EMA research has determined that network managers will need to upgrade, expand, and adapt their network monitoring and management tools and practices if they are going to support the Internet of Things (IoT).

EMA recently surveyed 100 IT professionals who are (a) directly involved in enterprise networks and (b) supporting their organizations’ IoT initiatives. We published the results in our research report, “The Internet of Things and Enterprise Networks: Planning, Engineering and Operational Strategies.”

The research found that network monitoring tools and practices are challenged by IoT. First of all, 52% reported that IoT had introduced or worsened blindspots in their network monitoring and service assurance architecture. Additionally, EMA asked research participants to identify their top IoT network monitoring challenges. Scalability (26%) was the most cited problem. IoT simply adds too many devices to the network. Rogue device detection (23%) is also a struggle for these organizations. Many are also struggling with insufficient monitoring granularity (22%) and high rates of change (21%).

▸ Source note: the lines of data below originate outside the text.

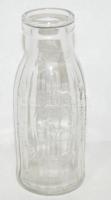 cca 1930 Budapesti Központi Általános Tejcsarnok R.T. 2dl-es tejesüveg, védjeggyel ellátva /  Vintage milk bottle, 15cm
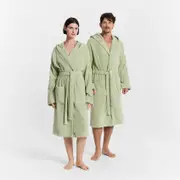 Sheridan Obsidian Robe in Soft Green Size: Small Medium Material: Cotton @Sheridan Rewards Small/Medium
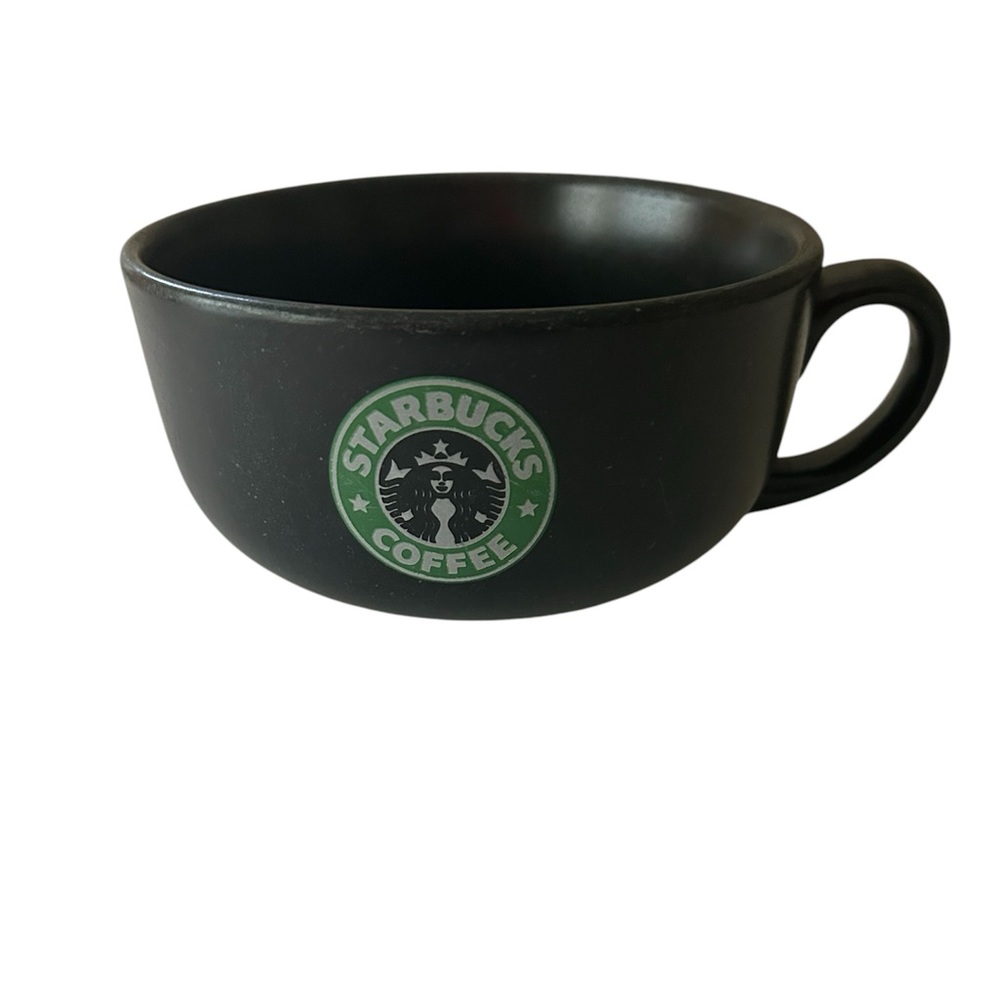 Starbucks Oversized Coffee Mug 18oz Black Retro Mermaid Logo Collectors 2008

So how do network teams adapt their monitoring tools to address IoT? The four most common actions the network teams take, according to our research:

  • Upgrade the data processing capacity of network monitoring tools (45%). This addresses the scalability issue.
  • Upgrade monitoring tool licenses to account for more monitored devices and objects (33%)
  • Install network visibility controllers (AKA network packet brokers) to aggregate monitoring data (29%)
  • Increase monitoring granularity (e.g. shorter polling intervals) 28%)

IoT devices present another challenge to network operations, because network teams often take ownership of certain elements of the IoT device lifecycle. More than half (51%) of network professionals take a leading role in IoT device deployment, and 64% lead the implementation of IoT device security policy and access controls. Furthermore, 57% play a supporting role in troubleshooting IoT devices. For this reason, network teams need to evolve their tools. Sixty-eight percent (68%) of network managers are extending their tools to monitor and manage IoT devices.

Many network managers will find that their tools do not natively support IoT devices. They will have to modify the tools themselves or ask their vendors to customize the tools. If your enterprise is launching one or more IoT initiatives, it’s time to evaluate how your current tools and practices will support IoT.